One of our large suppliers offers a similar cautionary tale. I know the international founder and his original team well. They are some of the most impressive executives I have ever met, and they have built a great global company. But in doing so, they have lost touch with their front line. They have hired a series of local, country-specific executives, and in doing so they have lost their soul. One current local executive is an incompetent pompous individual who has the technical understanding of a goldfish. He does not embody the virtues of the leaders who spent decades building the company. He does not advance the product; nor does he build lasting relationships with customers. He acts as though the U.S. subsidiary is his company and a source of personal power. He has made dozens of decisions that hurt the company both in the U.S. and worldwide. He goes on tirades to try to prove he is right and in doing so, ignores the best interests of the company. To prove a point to me (his customer), he once insisted that a product warranty be moved from one contract to another. He was so blind by insisting he was right that he failed to notice that he was doubling the warranty liability for his company by duplicating the same limit in the new contract for the extended warranty that was in the original warranty. Essentially, he created $20MM in unnecessary new liability for his company to prove a point.

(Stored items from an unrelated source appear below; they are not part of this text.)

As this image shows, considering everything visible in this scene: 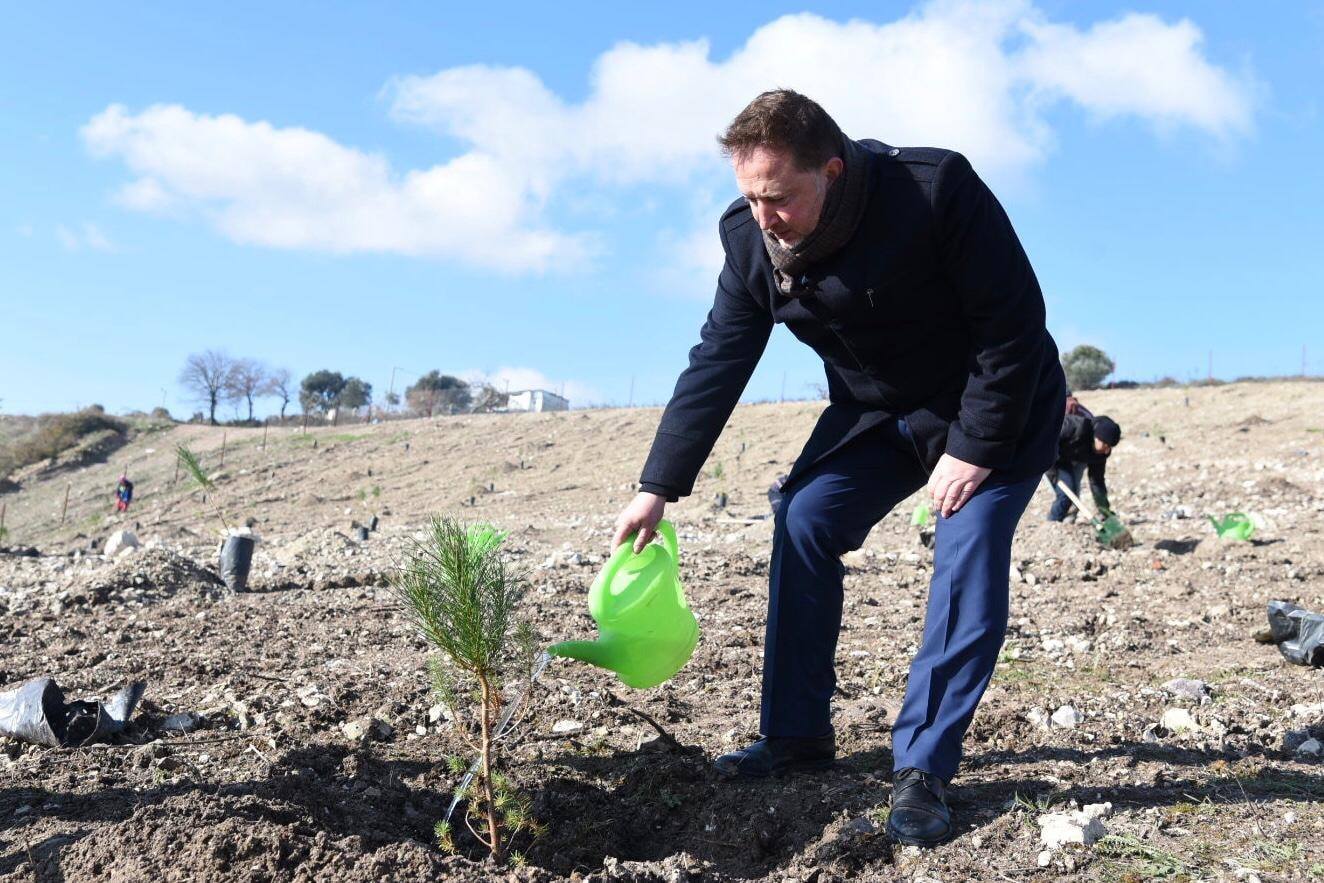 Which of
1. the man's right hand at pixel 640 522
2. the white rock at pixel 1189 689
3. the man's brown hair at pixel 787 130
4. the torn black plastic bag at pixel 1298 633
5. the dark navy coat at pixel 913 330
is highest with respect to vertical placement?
the man's brown hair at pixel 787 130

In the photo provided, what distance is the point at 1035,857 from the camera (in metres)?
2.30

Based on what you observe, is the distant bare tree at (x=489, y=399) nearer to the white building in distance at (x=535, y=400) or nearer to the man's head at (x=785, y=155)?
the white building in distance at (x=535, y=400)

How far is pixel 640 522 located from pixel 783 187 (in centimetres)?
96

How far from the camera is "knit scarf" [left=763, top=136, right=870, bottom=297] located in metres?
2.53

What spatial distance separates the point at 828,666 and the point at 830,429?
0.68 meters

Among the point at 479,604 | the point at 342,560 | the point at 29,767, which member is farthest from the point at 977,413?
the point at 342,560

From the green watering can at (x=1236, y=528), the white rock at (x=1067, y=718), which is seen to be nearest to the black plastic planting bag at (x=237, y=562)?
the white rock at (x=1067, y=718)

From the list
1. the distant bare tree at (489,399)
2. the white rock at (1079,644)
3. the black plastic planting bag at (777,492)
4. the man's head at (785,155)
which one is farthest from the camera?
the distant bare tree at (489,399)

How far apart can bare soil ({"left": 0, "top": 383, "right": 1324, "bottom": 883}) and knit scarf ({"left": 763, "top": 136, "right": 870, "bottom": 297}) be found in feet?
4.62

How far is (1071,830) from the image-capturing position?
2324 mm

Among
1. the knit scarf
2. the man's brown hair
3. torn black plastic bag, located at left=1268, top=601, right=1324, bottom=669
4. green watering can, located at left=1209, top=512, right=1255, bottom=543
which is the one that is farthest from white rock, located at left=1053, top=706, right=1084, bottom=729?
green watering can, located at left=1209, top=512, right=1255, bottom=543

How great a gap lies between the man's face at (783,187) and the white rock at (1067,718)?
1.84 m

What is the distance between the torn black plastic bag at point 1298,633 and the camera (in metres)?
4.16

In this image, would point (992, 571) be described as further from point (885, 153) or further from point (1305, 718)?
point (1305, 718) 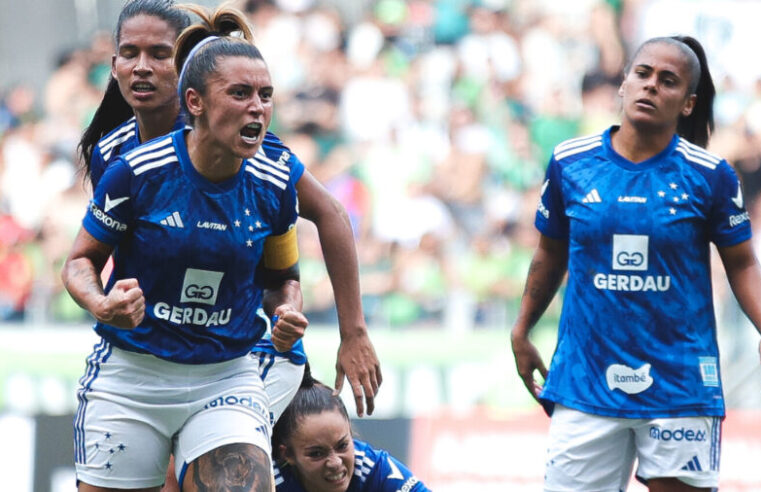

There is no way the global executives of this supplier know what is happening on their front line. They have lost touch, and their once-great company is quickly becoming an embarrassment that is destined to fail if they don’t make a major change soon.  

Staying in touch and well aligned with the front line is the hardest part of my job. Most of the people on the front line at One Energy have very little tolerance for what I call executive puffery. They often tell me things I don’t want to hear, and frankly, they are not very good at the compliment sandwich. But these are the things all executives need to hear, and their candid, honest feedback is incredibly valuable.

One of the things we do to help me stay aligned with the status of One Energy’s front line is what we call “Pink Sheets.” I stole the idea from Admiral Hyman Rickover. The “Pinks” were the last carbon copy sheet from a work order in the nuclear navy, and every pink sheet made its way to the Admiral. While those in the chain of command could add comments to the sheets, they could not delete anything. So every single qualified frontline worker knew that their words would be read by the Admiral. And the Admiral knew, directly from the front line, how things were going.

Our Pink Sheets are filled out every Friday by everyone in the company and they ask the same four questions every week:

What did we do right this week?

What did we screw up this week?

What do we need to do better next week?

What is the single biggest threat to the company?

Those sheets annoy people, but they have solved more problems than I can count. I read every single one, sometimes I write back, and when action is needed, you better believe it is taken. Those sheets are my fail safe with the front line. They are candid, and they are an honest accounting of the week. And that is what executives need to stay grounded and in touch with the front line. They are just one of the tools I use every week to make sure I don’t lose touch and end up like the cautionary tales of my large supplier or former employer.

Fear is a great motivator. If more executives feared losing touch with the front line, we would have better companies, and we would have safer companies. I am afraid of losing touch with the front line, and I respectfully submit that fear, in this case, is a great thing.

          Jereme Kent is the CEO at One Energy.